Equally the management can support the findings on the basis of the material before the enquiry officer and his report. There was no reason for the learned Judge of the second Labour Court to have passed any order recalling the witness. Without applying his mind to the deposition of the enquiry officer and contents of the application preferred by the applicant, the impugned order has been passed. The learned Member of the Industrial Court in revision should have stepped in and by issuing appropriate clarification set aside the order of the labour Court. He has also failed in his duty in law. Apart from serious issues relating to maintainability of the application and the provisions enabling recall of witness, there were other aspects of equal importance. This can become a trend and precedent in cases before the labour Court/industrial Court where enquiry proceedings and orders of termination are impugned. Such orders cannot be passed as a matter of course. The Courts below were required to apply their mind to all aspects including interest of justice before passing such orders. That being not done, these orders are required to be interfered with.
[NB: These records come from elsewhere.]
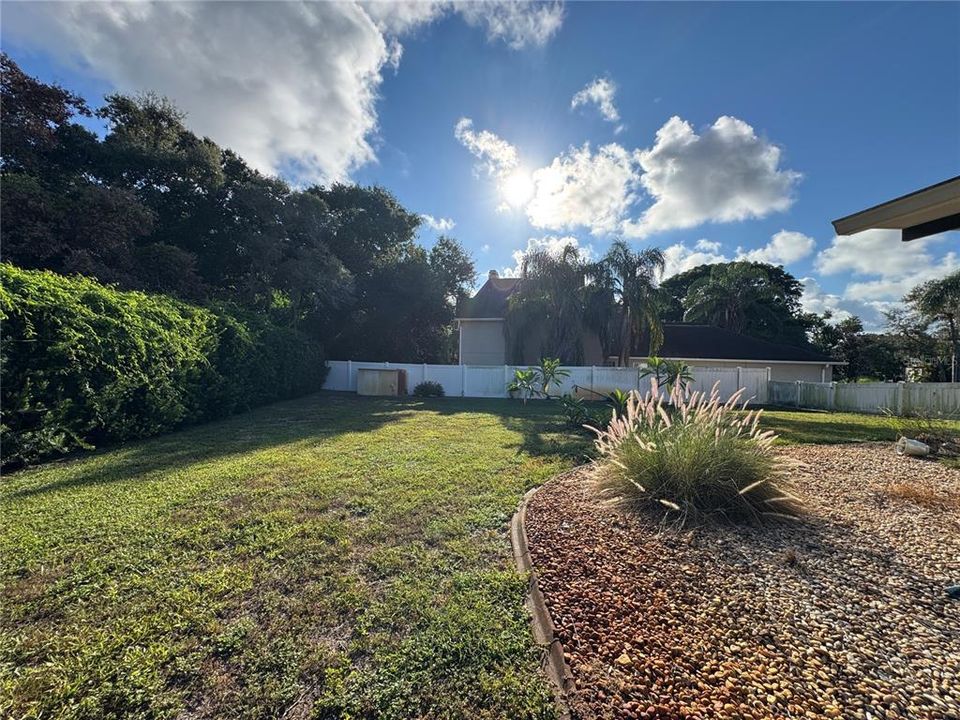 В аренду: $2,695 (3 спален, 2 ванн, 1945 Квадратных фут)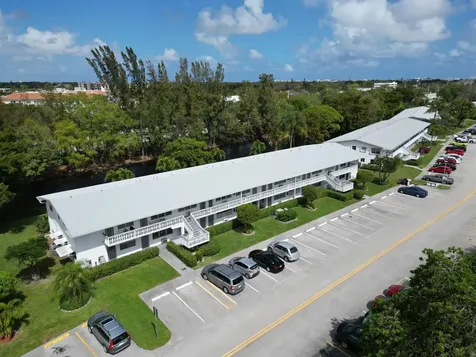 390 Durham M Circle Deerfield Beach FL 33442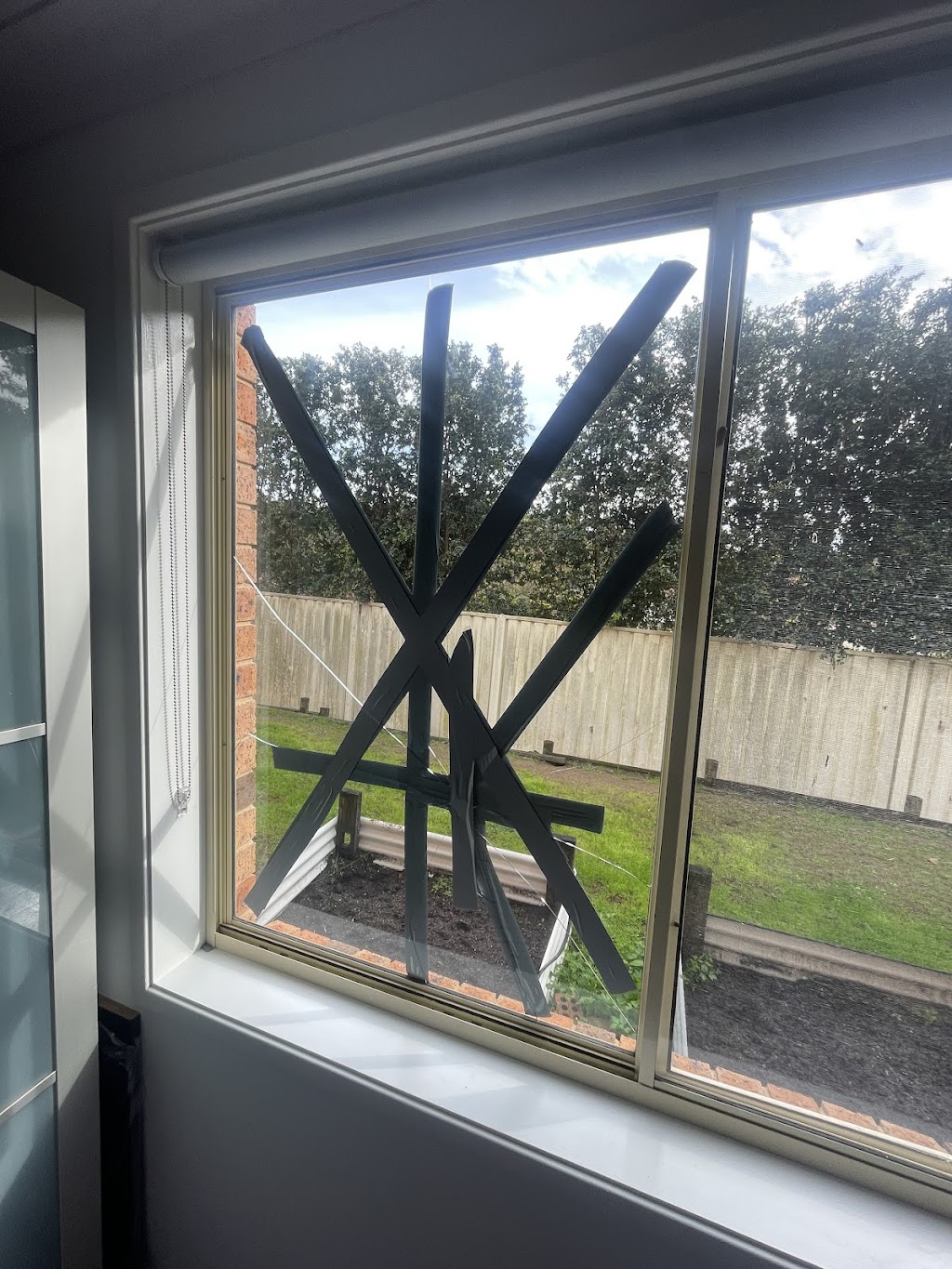 Fine Line Glass & Glazing | 185 Old Stock Rte Rd, Oakville NSW 2765, Australia | Phone: 0423 092 156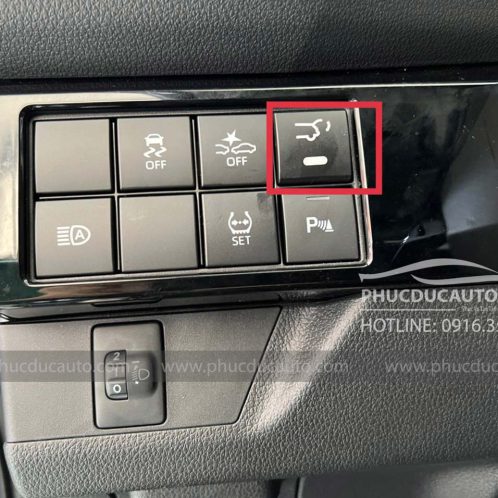 toyota-yaris-cross-độ-cốp-điện-tự-động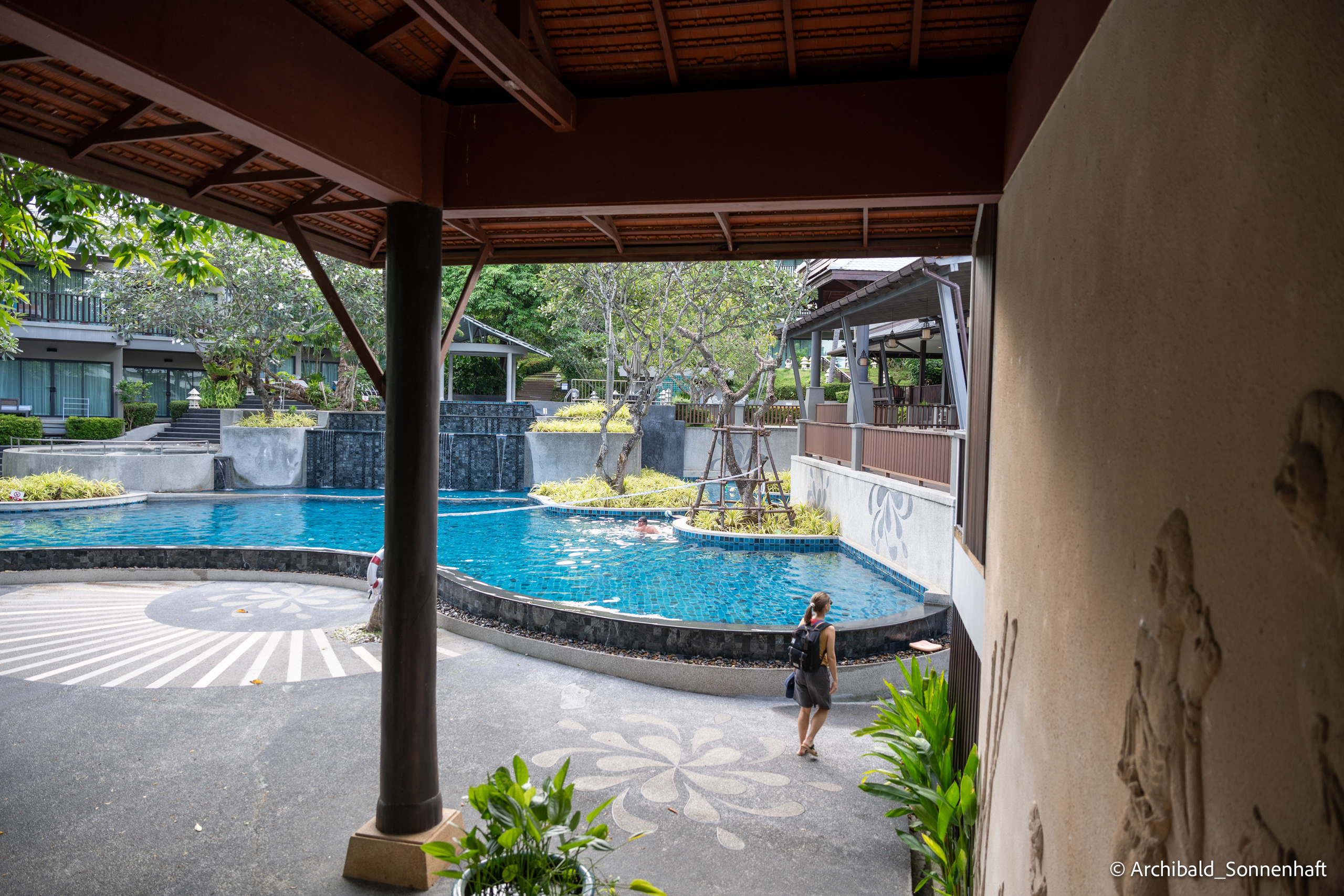 Thai Phuket to Phiphi. Photographer in Guangzhou, China. Archibald Sonnenhaft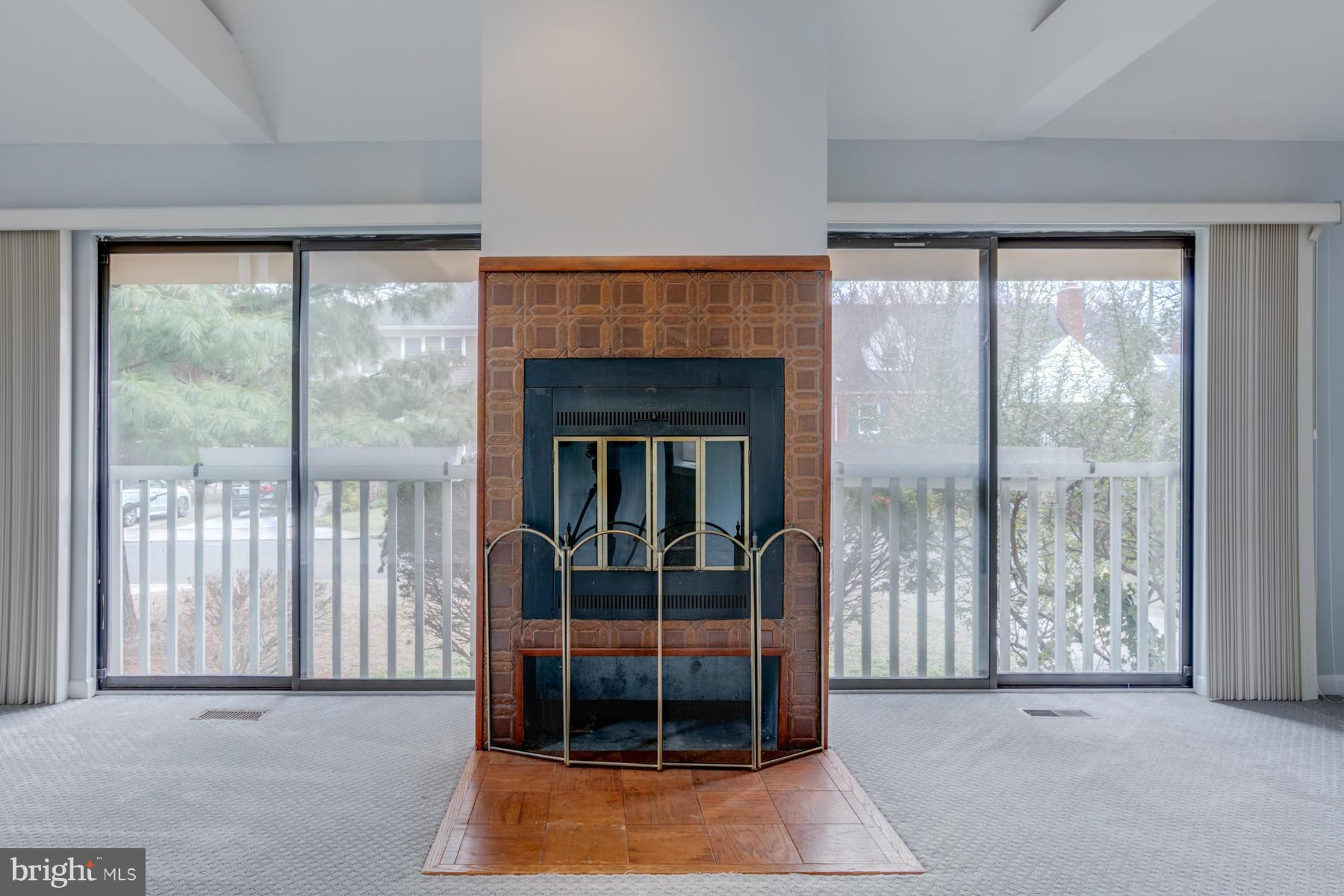 ADDISON HEIGHTS - Residential Lease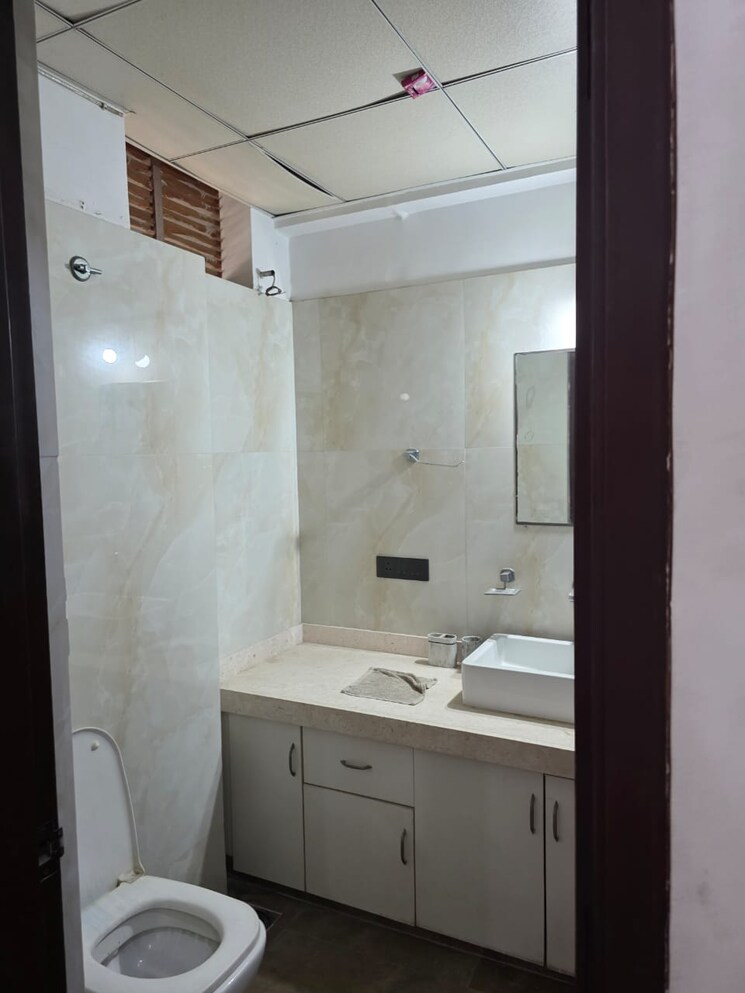 Bathroom, deep-indraprasth-10-the-palm-court 3 Bedroom 2750 Sq.Ft. Apartment In Bodakdev Ahmedabad 9581420
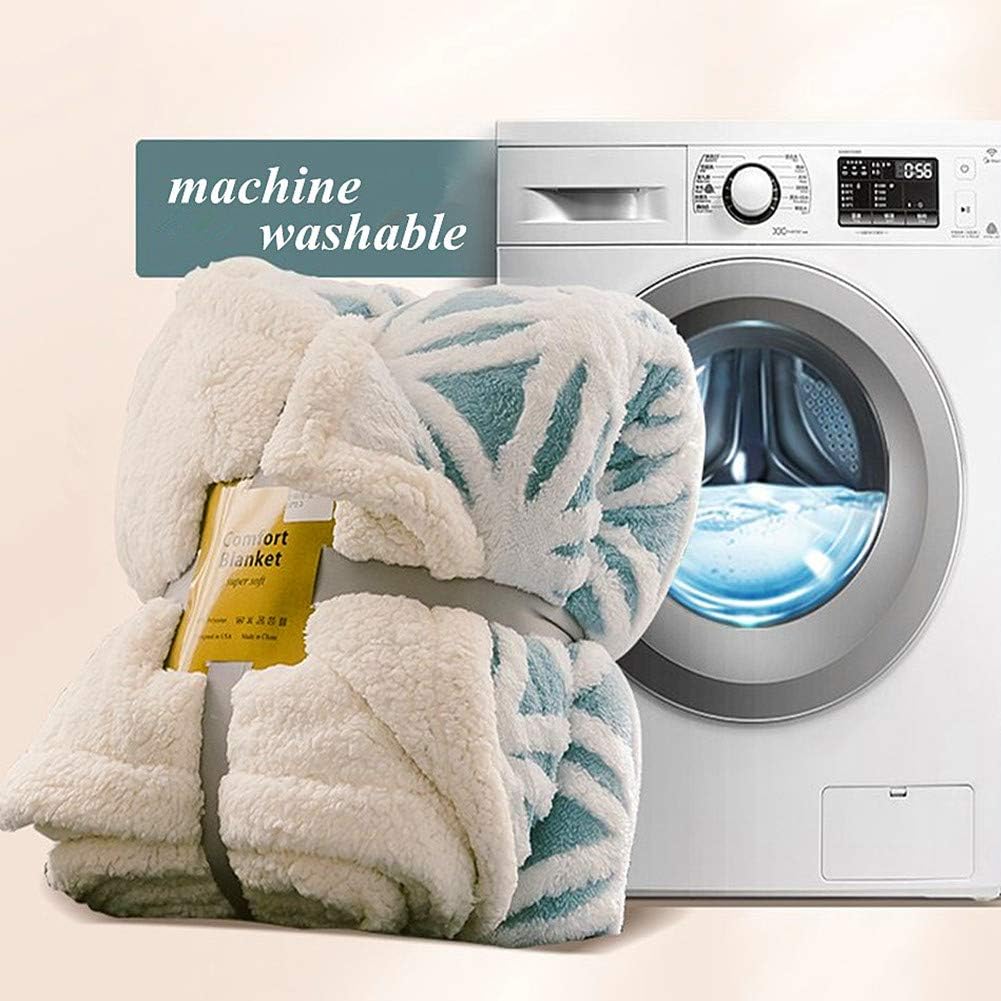 UKELER Green Flannel Sherpa Throws 60'' x 50'' New Blanket Ultra Plush Lightweight Throw Blanket Luxury Soft Warm Fuzzy Blanket Throws for Bed/Couch/Sofa/Office/Camping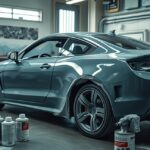 Egy autó átfestése műhelyben különböző festékek mellett.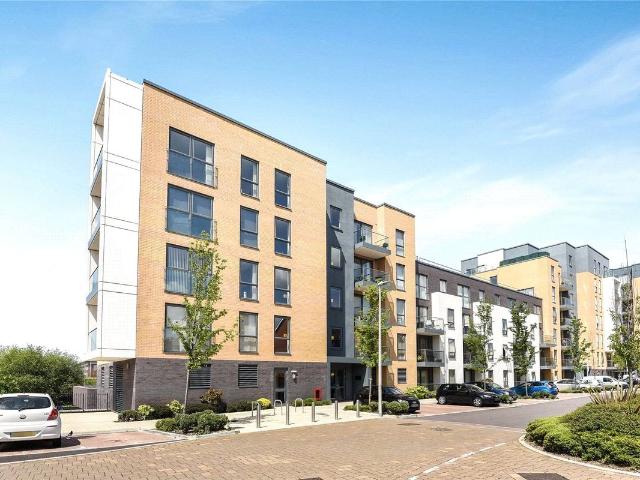 Cygnet House, Drake Way, Reading, Berkshire RG2, 1 bed flat to rent, £1,200 pcm | PrimeLocation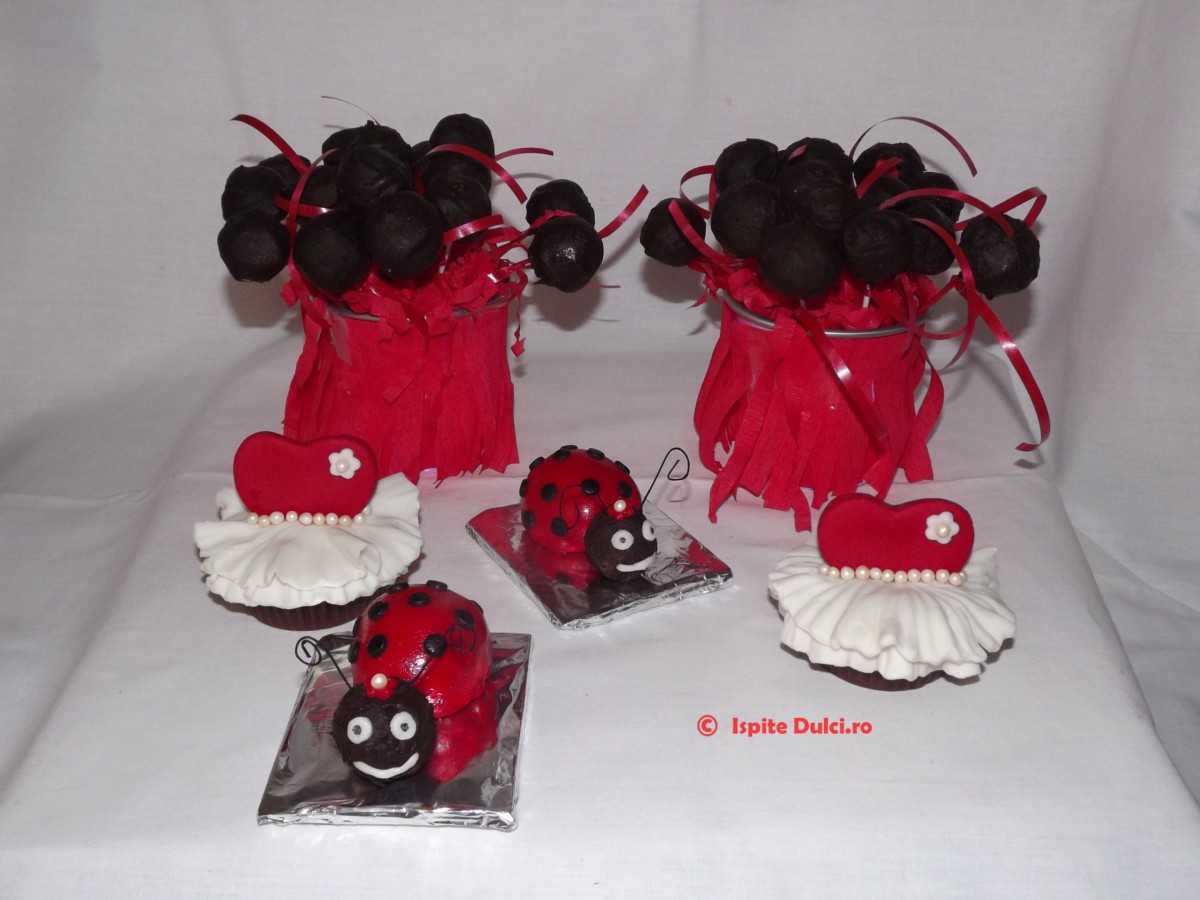 Cupcakes pentru botez Alexandra si Anamaria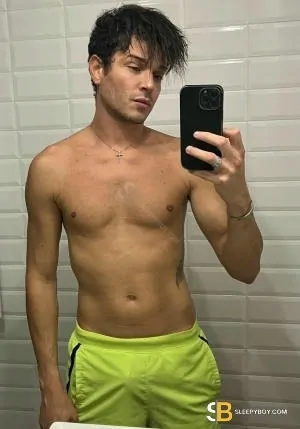 Bisexual Escort Jorge 28yr - role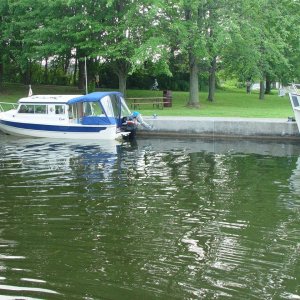 waiting in Peterboro for the lock to open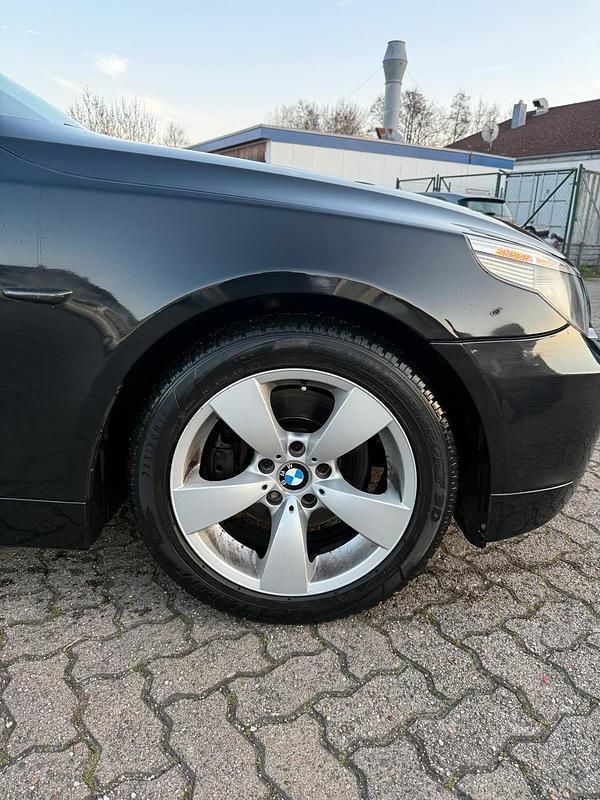 Gebraucht BMW 520 170 PS (125 kW) 2005 Schwarz Limousine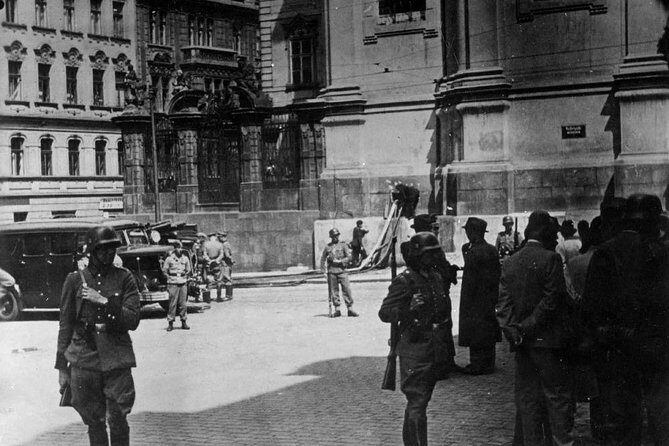 World War II Tour with a crypt - Who Should Consider This Tour?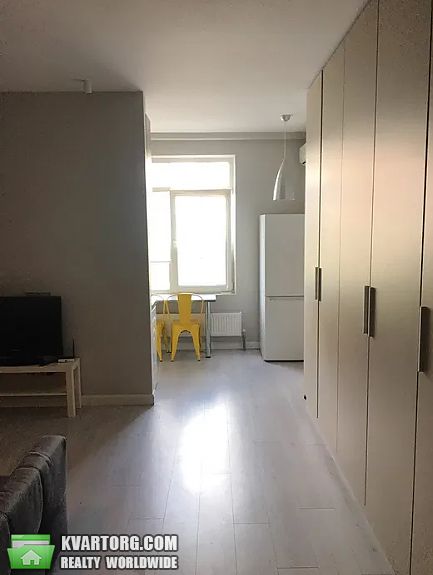 Rent out 1-room apartment. Киев, Луценка — photo 1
They are accordingly interfered with by this Court under Article 226 of the Constitution of India for the aforesaid reasons. Rule is, therefore, made absolute in terms of prayer clause (a). 14. However, it is clarified that the respondent workman can argue with regard to both aspects viz., fairness of the enquiry and perversity of the findings recorded by the enquiry officer. For the purpose of his arguments on aspects of perversity of the findings, it would not be necessary for the workman concerned to recall witness/enquiry officer and to cross examine him. However, merely because he sought recall of the witness, which course was permitted by the Courts below, but orders in that behalf having been set aside by this Court, does not mean that the liberty granted by this Court cannot be availed by both sides. Arguments on perversity are kept open and should be canvassed on the basis of available material. With this clarification petition is allowed. No costs.